====== Source information ======
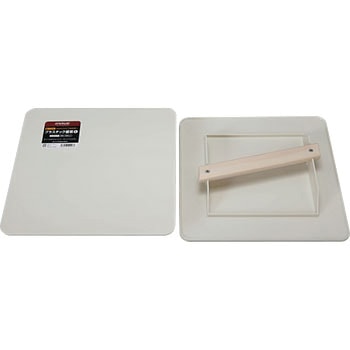プラスチック盛板 井上工具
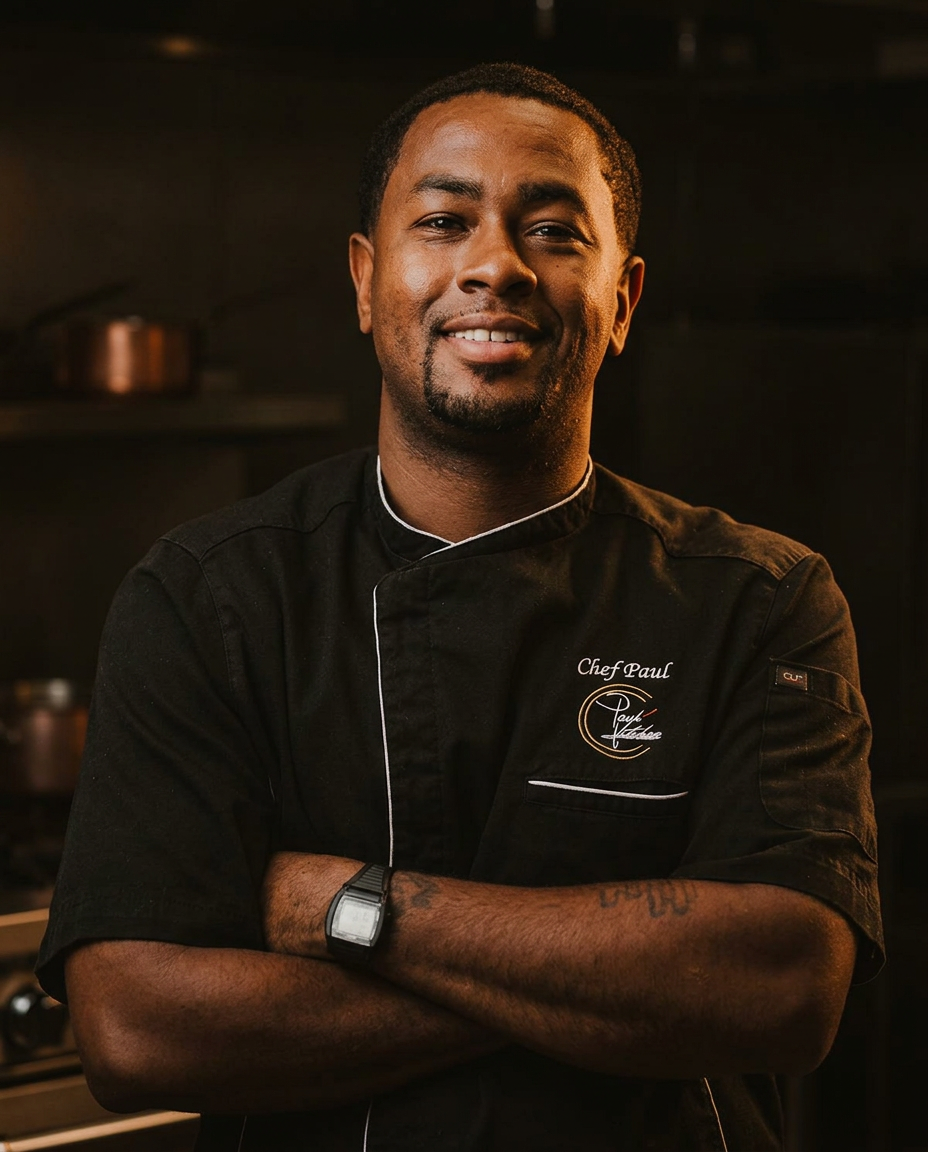 Paul's Kitchen in Indianapolis, IN (4)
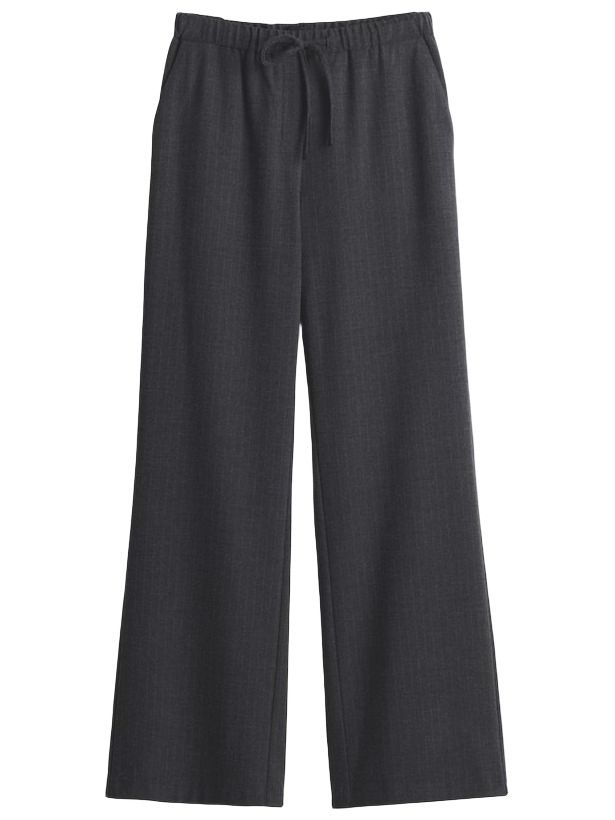 OPUS - BROEK - Grijs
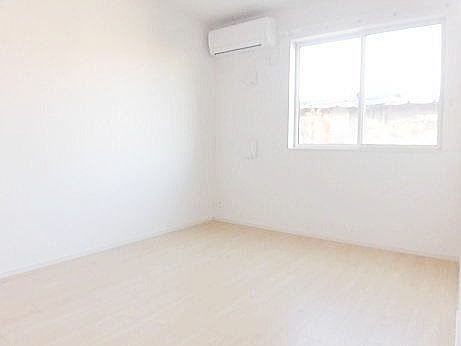 グランツの内装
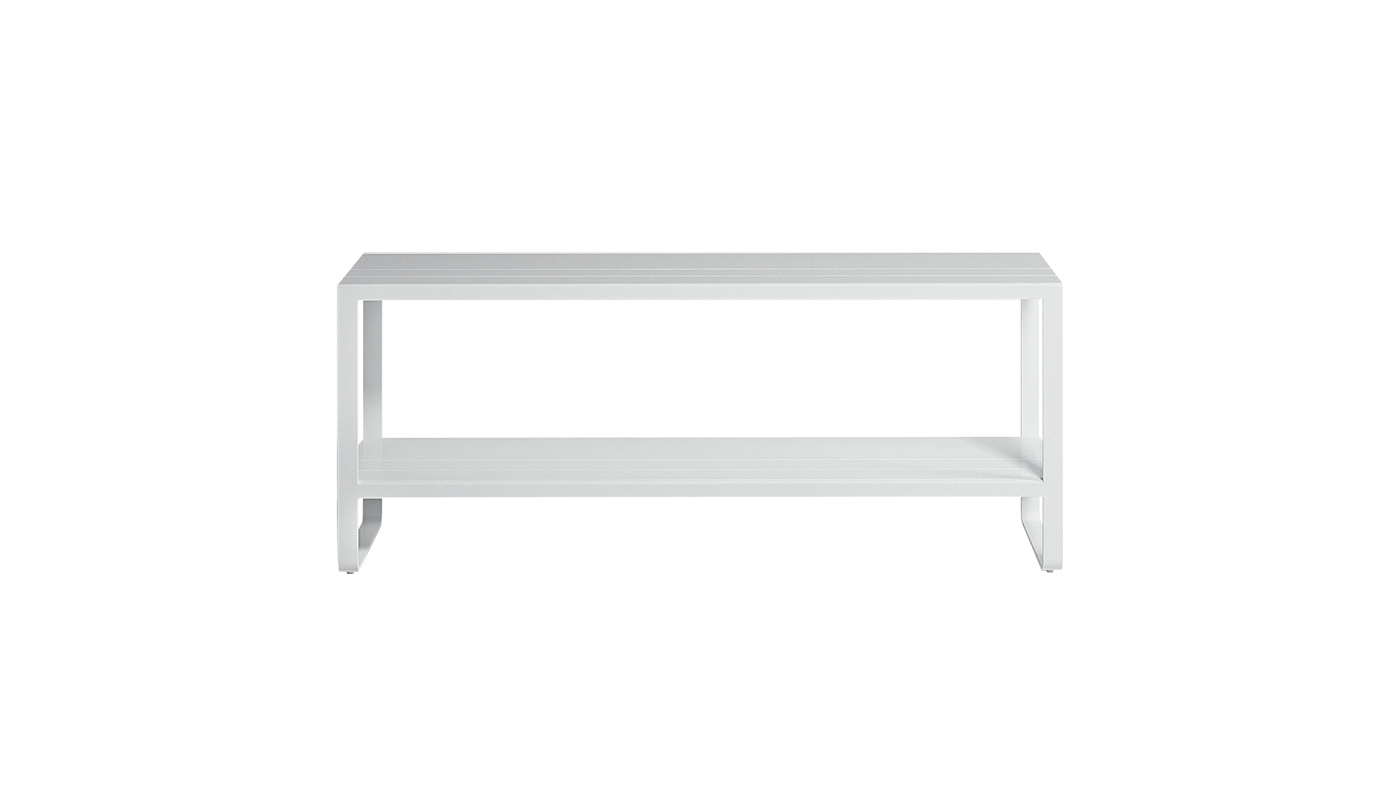 Стеллаж Flat 180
======
**The problem:**
Leave out the pictures, then return every line of the data exactly.

**Your response:**
プラスチック盛板 井上工具
 Paul's Kitchen in Indianapolis, IN (4)
 OPUS - BROEK - Grijs
 グランツの内装
 Стеллаж Flat 180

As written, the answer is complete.